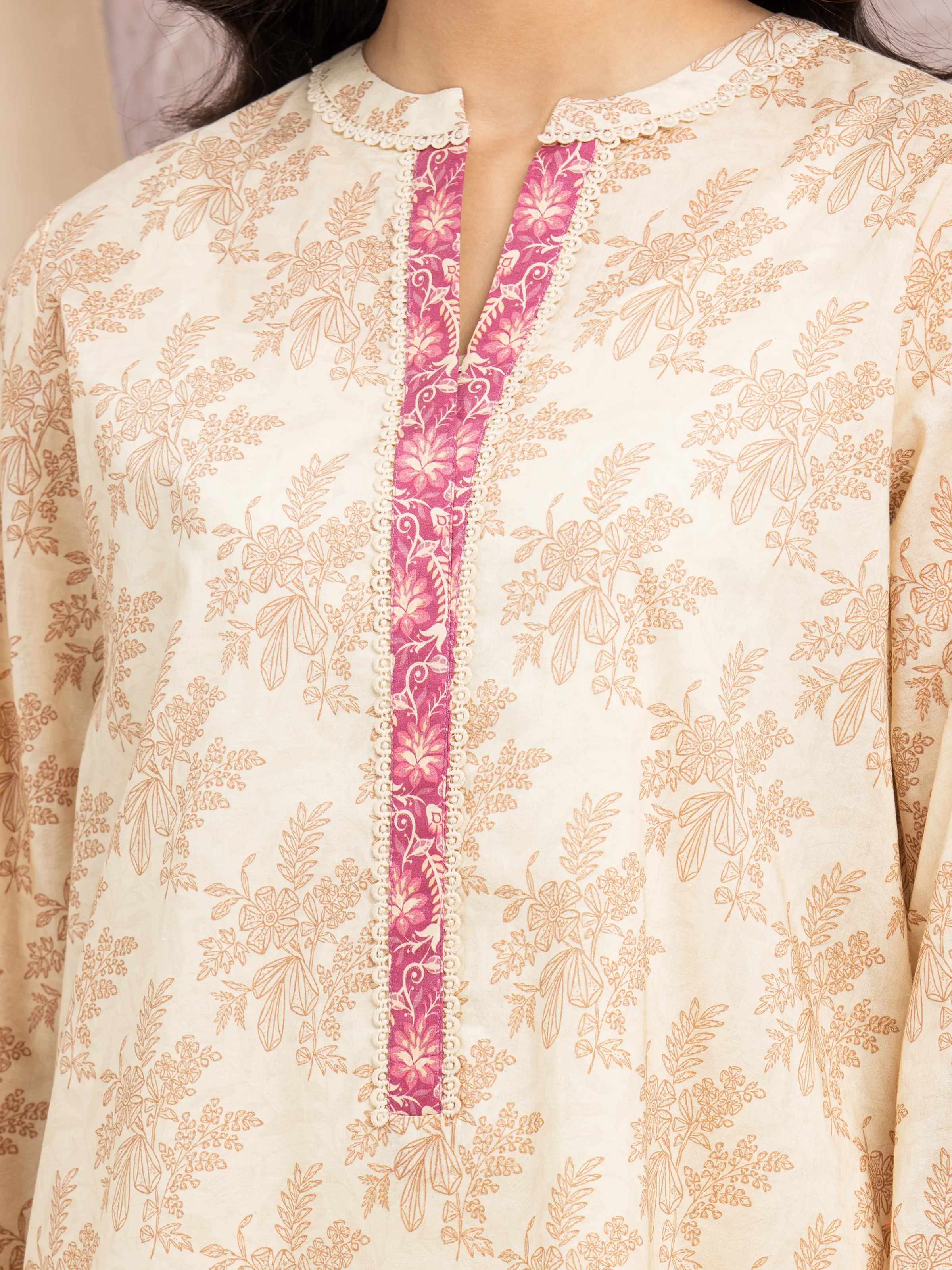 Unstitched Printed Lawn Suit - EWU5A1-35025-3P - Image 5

--------------------

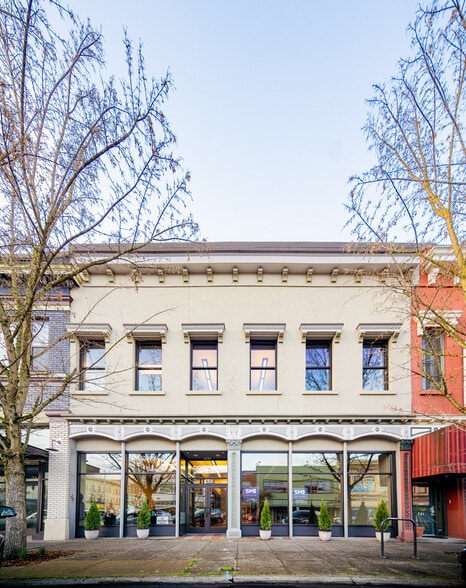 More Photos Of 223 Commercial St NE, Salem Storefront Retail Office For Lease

--------------------

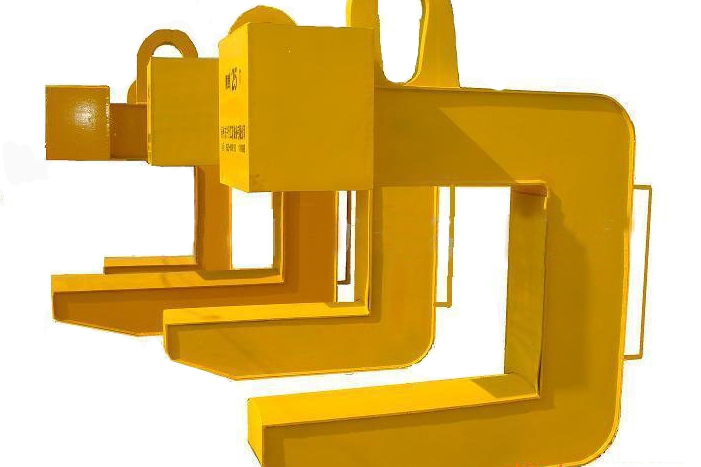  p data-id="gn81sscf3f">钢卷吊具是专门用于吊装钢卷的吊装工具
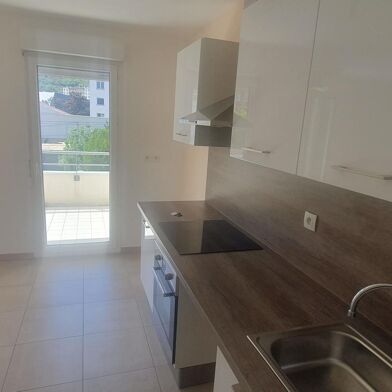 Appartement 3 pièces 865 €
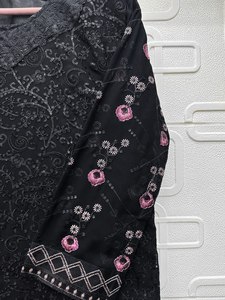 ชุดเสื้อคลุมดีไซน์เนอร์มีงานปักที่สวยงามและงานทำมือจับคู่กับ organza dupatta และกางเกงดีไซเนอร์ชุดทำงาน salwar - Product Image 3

--------------------

__INSTRUCTIONS FOR THE TASK__.
Range to copy from the listing above: the line with "Appartement 3 pièces 865 €" through the line with "Product Image 3". Transcribe it exactly and skip the pictures.

__SOLUTION FOR THIS PROBLEM__.
 Appartement 3 pièces 865 €
 ชุดเสื้อคลุมดีไซน์เนอร์มีงานปักที่สวยงามและงานทำมือจับคู่กับ organza dupatta และกางเกงดีไซเนอร์ชุดทำงาน salwar - Product Image 3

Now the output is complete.